You have an expansive role, which must demand a lot from you. How do you manage to balance your professional responsibilities with personal time?

Kadence has always tried to ensure a good work/life balance for all team members and that they are mindful of hours worked and are also very open to flexible working hours.  

This is especially important in my role when dealing with global offices; this can sometimes mean early starts or late finishes. I start my day by checking emails and messages for any urgent queries, and then, if needed, I can start work a few hours earlier than normal.  

There have been instances where I have had to organize global meetings at 4 a.m. GMT when trying to accommodate offices from the Philippines to San Francisco. Then, I can finish work by early afternoon and spend some time doing personal/household tasks. This is especially nice in the winter months when there is limited daylight.

What are some of your favorite ways to unwind and relax outside work?

Outside of work, I like trying to do my own home improvements, from basic decorating (wallpapering and painting), hanging curtains and blinds, all the way through to lifting and relaying a brick-paved driveway.  

I also enjoy working in the garden, but my enthusiasm outweighs my skill at keeping my work alive and trying to find a humane way to stop moles from digging under my plants and foxes and cats from digging them up. As a result of my ability to kill even the hardiest of plants, my garden changes yearly, and I’m always looking for the perfect solution to these issues.  
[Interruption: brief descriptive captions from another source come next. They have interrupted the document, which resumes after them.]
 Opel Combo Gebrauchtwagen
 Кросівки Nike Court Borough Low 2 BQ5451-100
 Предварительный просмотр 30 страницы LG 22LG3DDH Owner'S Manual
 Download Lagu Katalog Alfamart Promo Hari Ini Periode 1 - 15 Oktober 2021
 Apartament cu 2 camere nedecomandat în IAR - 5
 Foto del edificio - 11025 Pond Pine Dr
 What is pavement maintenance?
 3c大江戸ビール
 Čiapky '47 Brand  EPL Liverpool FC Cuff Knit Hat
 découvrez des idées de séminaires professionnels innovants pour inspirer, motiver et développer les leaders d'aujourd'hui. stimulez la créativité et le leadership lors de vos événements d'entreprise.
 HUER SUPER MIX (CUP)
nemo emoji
Food is also a passion of mine, whether trying different types of food or cooking my own, and I have plans to write my own cookbook at some point in the future with recipes from around the world.
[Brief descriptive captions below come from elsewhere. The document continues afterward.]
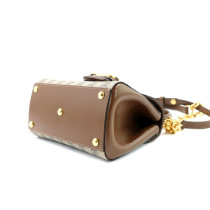 Gucci Horsebit GG Beige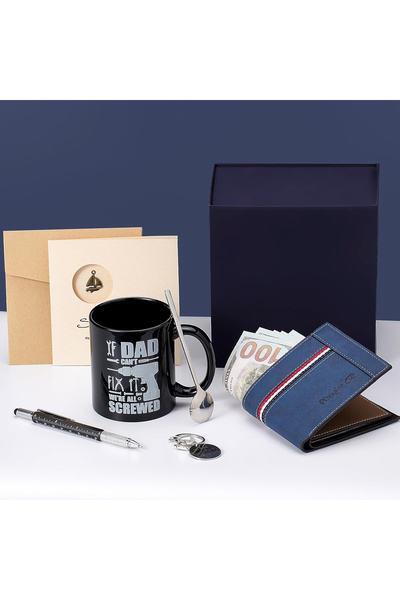 OEM Gift box for skilled dads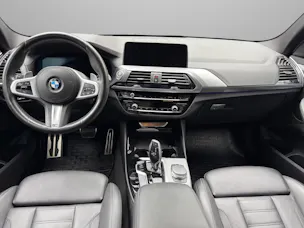 BMW X3 xDrive 30d M Sport Steptronic *AHK*M-Sport Paket*Apple CarPlay uvm.*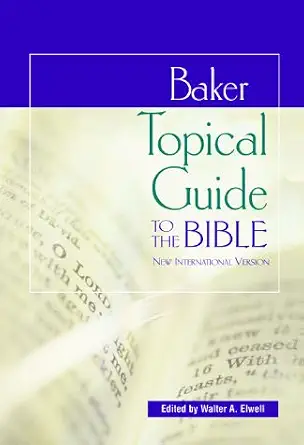 niv study bible large print genuine leather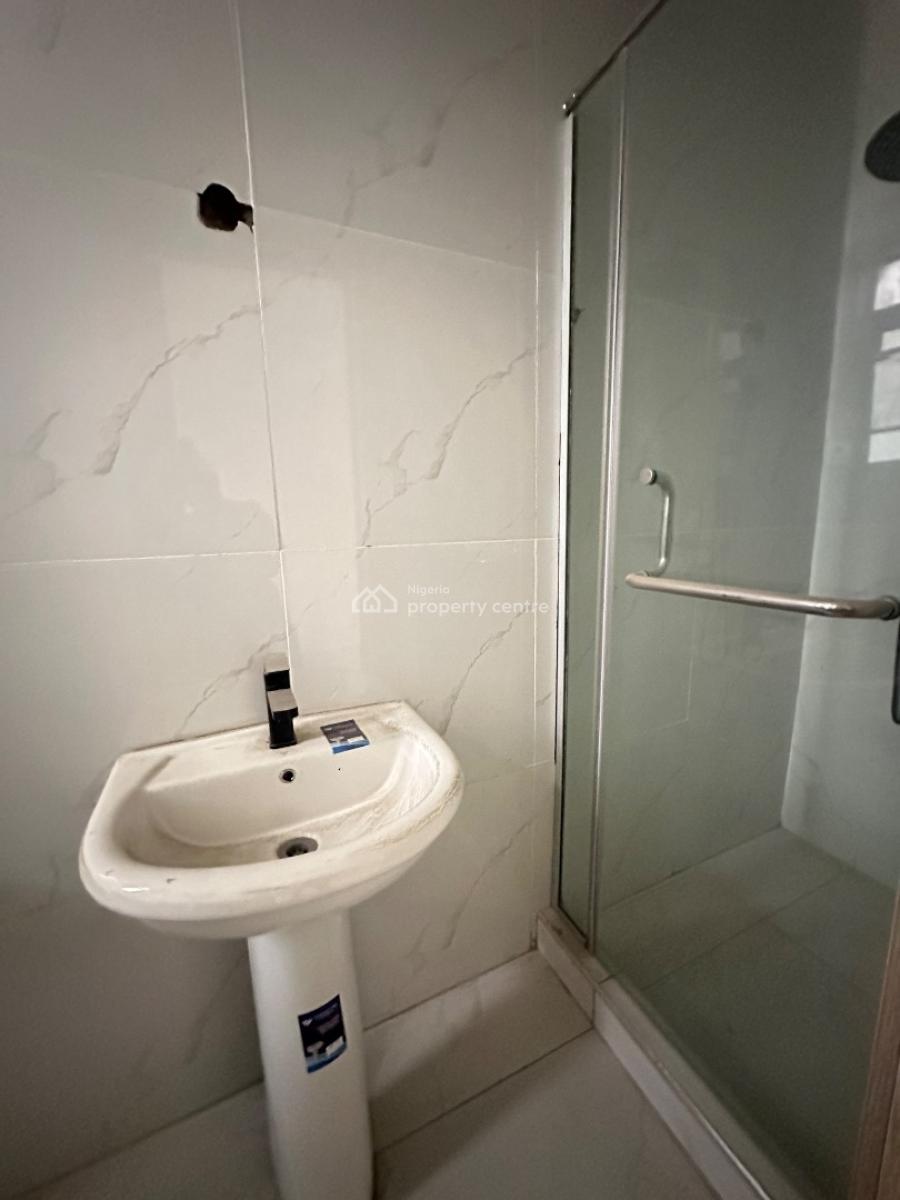 4 Bedroom Penthouse with Bq & Pool, Thomas Estate, Ajah, Lagos, House for Sale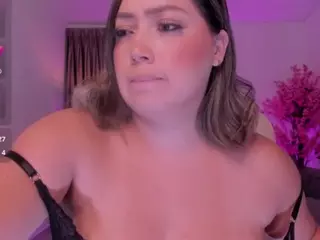 heidy-jhons's Live Sex Cam Show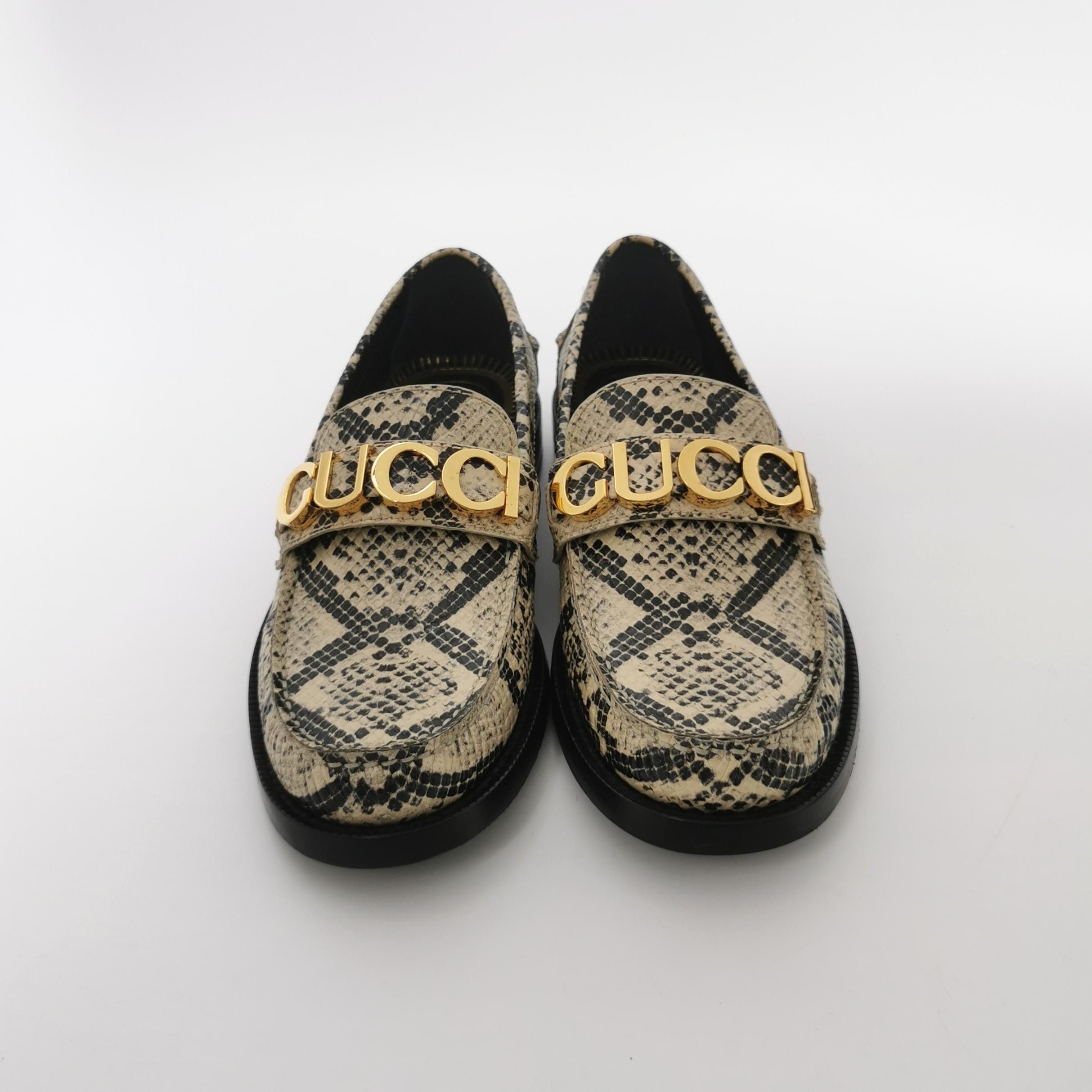 Gucci Gucci Women 5 Flats Size US 5 / IT 35 - 3 Thumbnail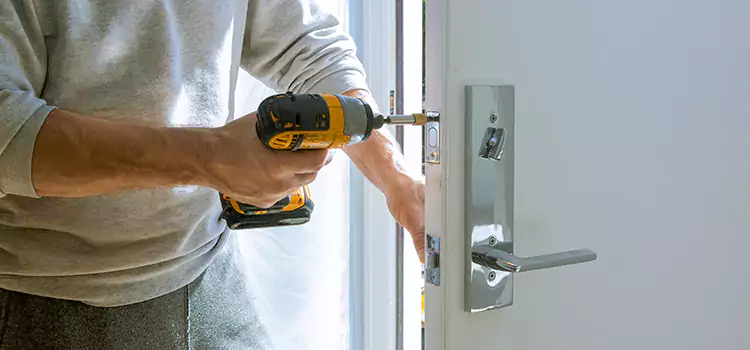 Door Knob Lock Repair Isla Vista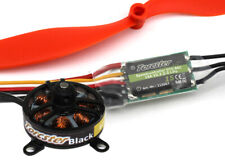 Antriebsset RC-factory S 2s Shock Flyer Shocky Brushless Motor Regler RC LiPo 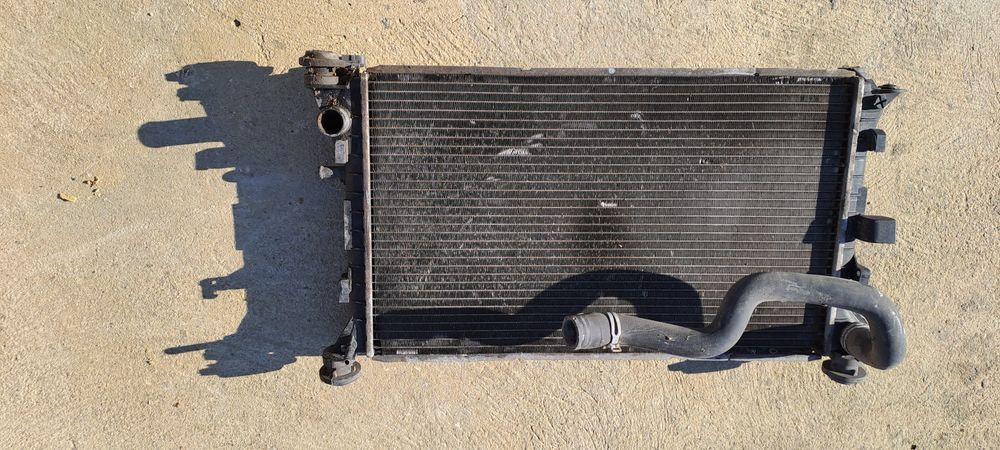 Воден радиатор за Форд Фокус / Ford Focus 1.8TDCI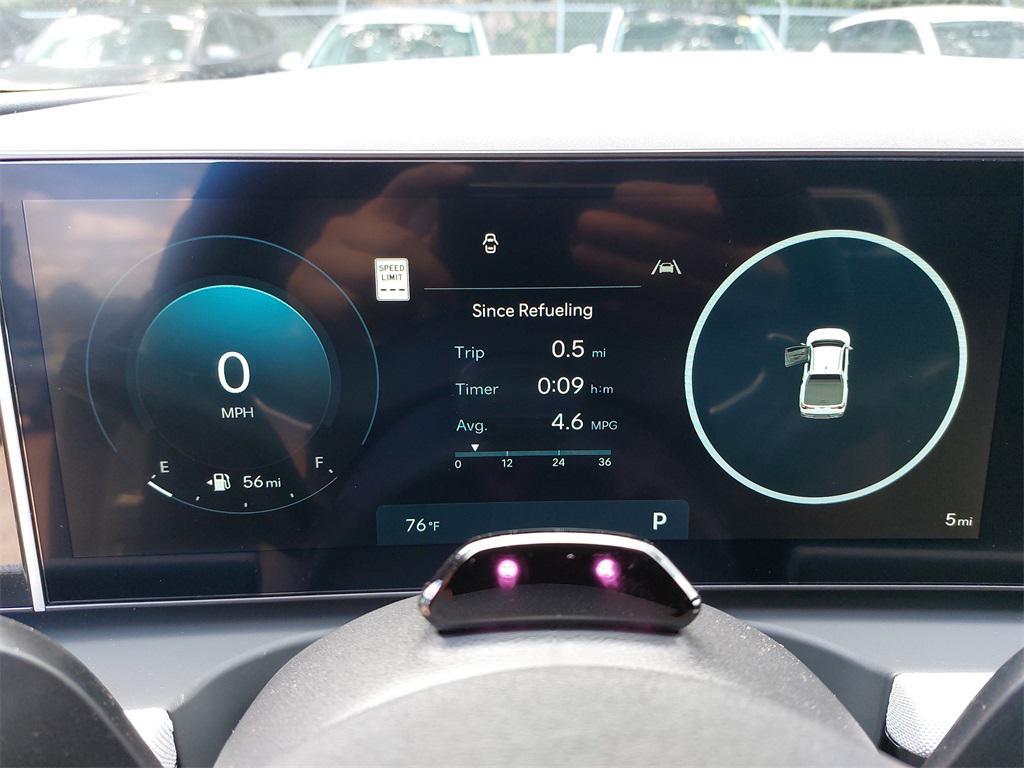 new 2026 Hyundai SANTA CRUZ car, priced at $45,685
How has Kadence International’s work-life balance policy influenced your productivity and overall job satisfaction?

Kadence has a number of policies and well-being initiatives in place to look after its employees’ mental and physical health.  

These can be simple things such as avoiding scheduling meetings during specific times, encouraging physical activity with various step challenges, and providing access to a mental health expert for anyone who needs to talk to someone about anything.  

Senior management has also noted that with people working from home, there is a tendency to keep working much later into the evening, which is something that is not encouraged.  

There is also an ability to have fairly flexible working times, which works particularly well when dealing with international offices.  We also conduct internal surveys on employee satisfaction, which are then fed back to all team members so there is a clear understanding of what is being done to make Kadence a better place to work.  These initiatives provide an increased feeling of value and worth within the organization, leading to better productivity and satisfaction.

And lastly, how do you foresee the role of AI and machine learning in shaping the future of data management in the coming years?

The advances in AI and machine learning technologies have been immense over the last 12 months. Still, we must spend more time distinguishing between human-based opinions and AI-generated findings.  

Speaking to a few peers recently, there is a concern that with advances in AI, the quality of Web-based interviewing will decline, and some companies are thinking of moving away from CAWI and back to CATI/CAPI for data collection to overcome any issues with AI-generated responses.  Ensuring that we use only the best suppliers, with trusted checks and policies, helps mitigate this along with our own in-house methods.  

There are many benefits of AI already, with key areas being the ability to transcribe/translate video/audio files to summarize and catalog large volumes of data, all of which help build the foundation of the report quickly.  AI is also a game changer for any desk research done alongside projects to help provide more thorough findings.

No matter how good AI becomes, though, there will always be a need for manual fact-checking due to the amount of mis/disinformation available online, so ensuring policies and procedures are updated to take into account these new steps is crucial to providing quality work for our clients.